Hi all,
I am unable to find documentation on how to configure the Nitrokey U2F outside of use with a browser.
My intention is to configure the Nitrokey U2F’s challenge-response mode, similar to how one can use Yubico’s personalization GUI.
I am trying to use the Nitrokey U2F rather than Yubikey U2F for this set-up (U2F login into OS): Redirecting…
any guidance or help appreciated - thanks and keep up the good work!
Hi @michael!
Sorry for delay. Unfortunately Nitrokey U2F does not support challenge-response mode (which needs HMAC-SHA1 implementation). This is not a part of FIDO U2F standard, but rather more like HOTP/TOTP, but with own challenge.
There is surely a possibility to log in to the OS via the pam_u2f module.
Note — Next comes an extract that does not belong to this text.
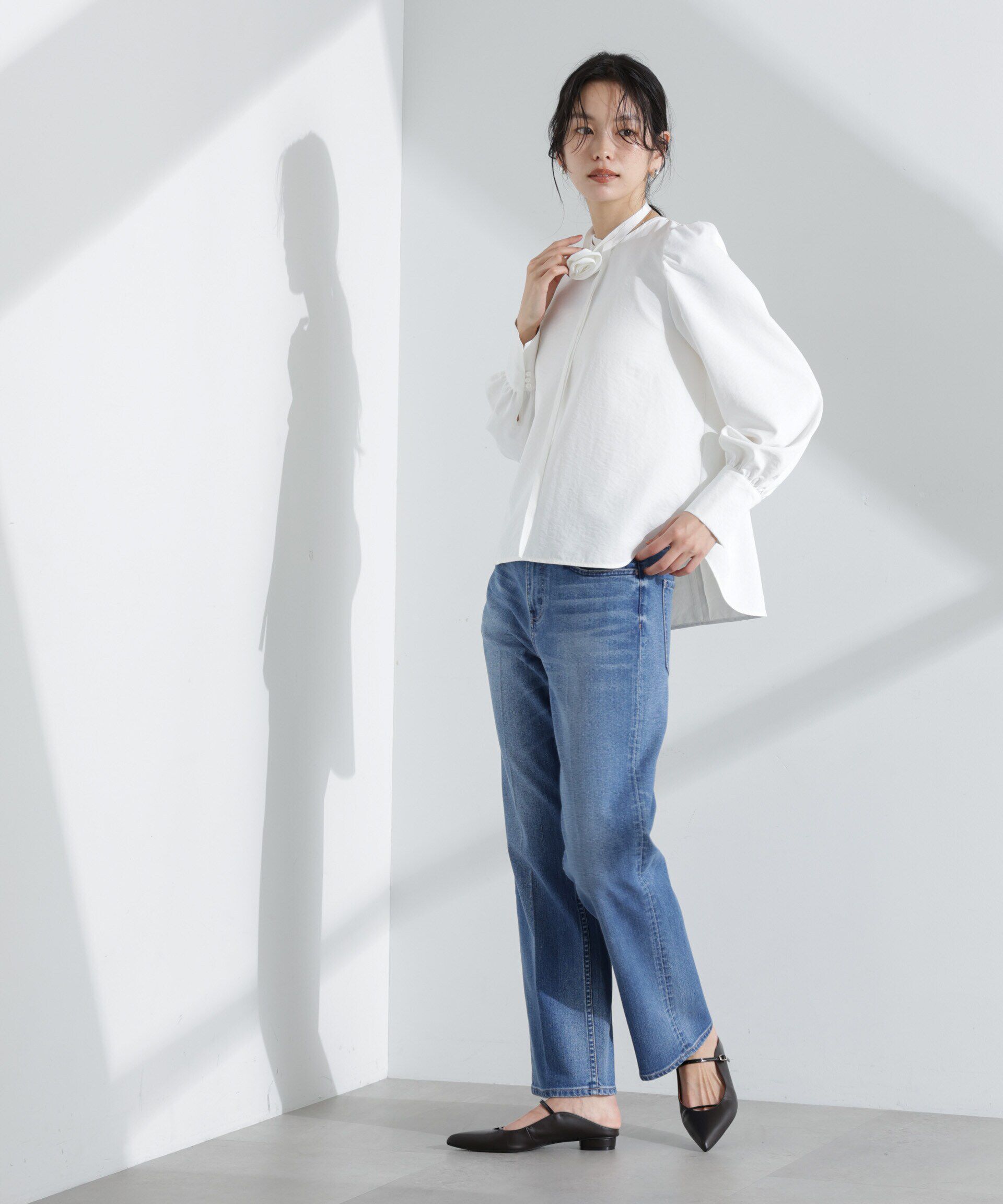 nano･universe「コサージュチョーカー付きブラウス」|シャツ・ブラウス|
I do not know though is it available for QubesOS. See following for details:
thanks for the response! it looks like there are some PAM-based ways of implementing this functionality in Qubes OS:
I’ll explore this strategy, thanks for the guidance.
@szszszsz Does the Nitrokey3A Mini support HMAC-SHA1 challenge response?
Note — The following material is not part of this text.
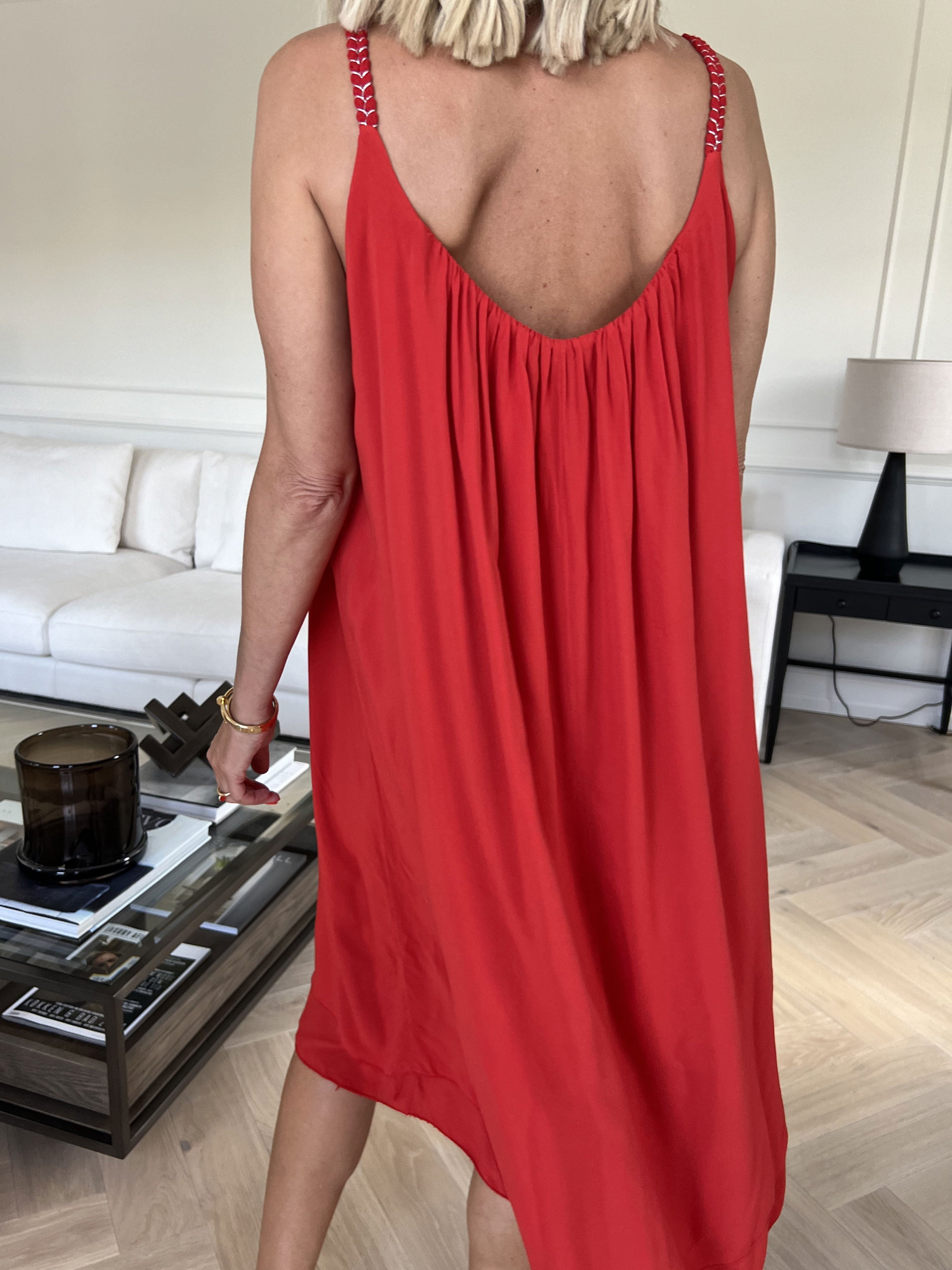 Chalkis - Klänning i mjuk viskos med flätade axelremmar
@michael did you ever get this to work with a Nitrokey on QubesOS? IIUC the linked articles are both about using a Yubikey in challenge response mode…
Don’t know but give it a try…
It shouldn’t matter. Challenge Response is challenge Response… It’s documented on the nk webpage. I wrote about how to set it up on nk3 and a onlykey here: Using Challenge-Response (HMACSHA1) with the same Secret on a Nitrokey 3 and on a Onlykey to unlock a KeepassXC Database maybe it helps… Spoiler: the nk3 wants to have the secret base32 encoded.
Yes. All NK3’s should support HMAC-SHA1.
Thanks, I see the option now under nitropy nk3 secrets --help; what I still can’t figure out is how to interact with the NK3 using this mechanism…basically I need some program to issue the challenge and get the response from the NK3, but nitropy itself doesn’t have that kind of function, it seems, and ykchalresp doesn’t recognize my NK3. Is there a simple command line program available somewhere that can do this?
My use case is to set up the NK3 as a login authenticator on QubesOS4.2, so I need to qvm-run -p sys-usb someprogram from dom0 to sys-usb to interact with the NK3…I’m looking for “someprogram”.
Edit: I think openssl might do…
Edit: found a different way using passwords
This PR for the qubes-dom0-yubikey app works for the QubesOS screen lock (xscreensaver) in case anyone is reading this later…it uses HOTP for NitroKey3 devices.